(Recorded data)
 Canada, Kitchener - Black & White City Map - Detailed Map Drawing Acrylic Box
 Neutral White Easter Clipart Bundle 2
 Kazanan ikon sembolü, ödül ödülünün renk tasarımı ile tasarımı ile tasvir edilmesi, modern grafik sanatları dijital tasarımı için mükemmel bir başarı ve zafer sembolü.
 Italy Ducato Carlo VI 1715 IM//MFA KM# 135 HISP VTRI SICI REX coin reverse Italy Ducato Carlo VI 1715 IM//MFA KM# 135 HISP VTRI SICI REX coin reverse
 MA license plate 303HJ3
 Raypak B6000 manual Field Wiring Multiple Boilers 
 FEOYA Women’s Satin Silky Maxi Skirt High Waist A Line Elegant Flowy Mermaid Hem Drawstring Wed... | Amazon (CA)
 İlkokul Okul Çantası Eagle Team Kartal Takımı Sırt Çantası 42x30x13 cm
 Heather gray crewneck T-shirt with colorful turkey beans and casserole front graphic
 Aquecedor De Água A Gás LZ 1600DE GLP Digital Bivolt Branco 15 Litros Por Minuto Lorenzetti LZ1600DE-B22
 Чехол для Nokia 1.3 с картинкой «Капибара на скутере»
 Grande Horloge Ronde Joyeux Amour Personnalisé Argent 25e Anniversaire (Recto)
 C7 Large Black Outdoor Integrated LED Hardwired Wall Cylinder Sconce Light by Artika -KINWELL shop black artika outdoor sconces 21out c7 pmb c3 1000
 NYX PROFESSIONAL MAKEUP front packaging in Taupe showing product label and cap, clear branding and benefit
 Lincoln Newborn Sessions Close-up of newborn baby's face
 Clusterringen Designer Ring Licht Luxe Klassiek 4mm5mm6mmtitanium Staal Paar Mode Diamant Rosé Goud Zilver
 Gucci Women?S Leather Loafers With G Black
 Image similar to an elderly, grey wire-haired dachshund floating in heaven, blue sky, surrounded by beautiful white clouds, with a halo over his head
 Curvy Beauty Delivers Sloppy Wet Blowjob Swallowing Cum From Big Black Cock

> _Exercise_
Using the data above, return each line exactly as written.

> _Result for this task_
 Canada, Kitchener - Black & White City Map - Detailed Map Drawing Acrylic Box
 Neutral White Easter Clipart Bundle 2
 Kazanan ikon sembolü, ödül ödülünün renk tasarımı ile tasarımı ile tasvir edilmesi, modern grafik sanatları dijital tasarımı için mükemmel bir başarı ve zafer sembolü.
 Italy Ducato Carlo VI 1715 IM//MFA KM# 135 HISP VTRI SICI REX coin reverse Italy Ducato Carlo VI 1715 IM//MFA KM# 135 HISP VTRI SICI REX coin reverse
 MA license plate 303HJ3
 Raypak B6000 manual Field Wiring Multiple Boilers 
 FEOYA Women’s Satin Silky Maxi Skirt High Waist A Line Elegant Flowy Mermaid Hem Drawstring Wed... | Amazon (CA)
 İlkokul Okul Çantası Eagle Team Kartal Takımı Sırt Çantası 42x30x13 cm
 Heather gray crewneck T-shirt with colorful turkey beans and casserole front graphic
 Aquecedor De Água A Gás LZ 1600DE GLP Digital Bivolt Branco 15 Litros Por Minuto Lorenzetti LZ1600DE-B22
 Чехол для Nokia 1.3 с картинкой «Капибара на скутере»
 Grande Horloge Ronde Joyeux Amour Personnalisé Argent 25e Anniversaire (Recto)
 C7 Large Black Outdoor Integrated LED Hardwired Wall Cylinder Sconce Light by Artika -KINWELL shop black artika outdoor sconces 21out c7 pmb c3 1000
 NYX PROFESSIONAL MAKEUP front packaging in Taupe showing product label and cap, clear branding and benefit
 Lincoln Newborn Sessions Close-up of newborn baby's face
 Clusterringen Designer Ring Licht Luxe Klassiek 4mm5mm6mmtitanium Staal Paar Mode Diamant Rosé Goud Zilver
 Gucci Women?S Leather Loafers With G Black
 Image similar to an elderly, grey wire-haired dachshund floating in heaven, blue sky, surrounded by beautiful white clouds, with a halo over his head
 Curvy Beauty Delivers Sloppy Wet Blowjob Swallowing Cum From Big Black Cock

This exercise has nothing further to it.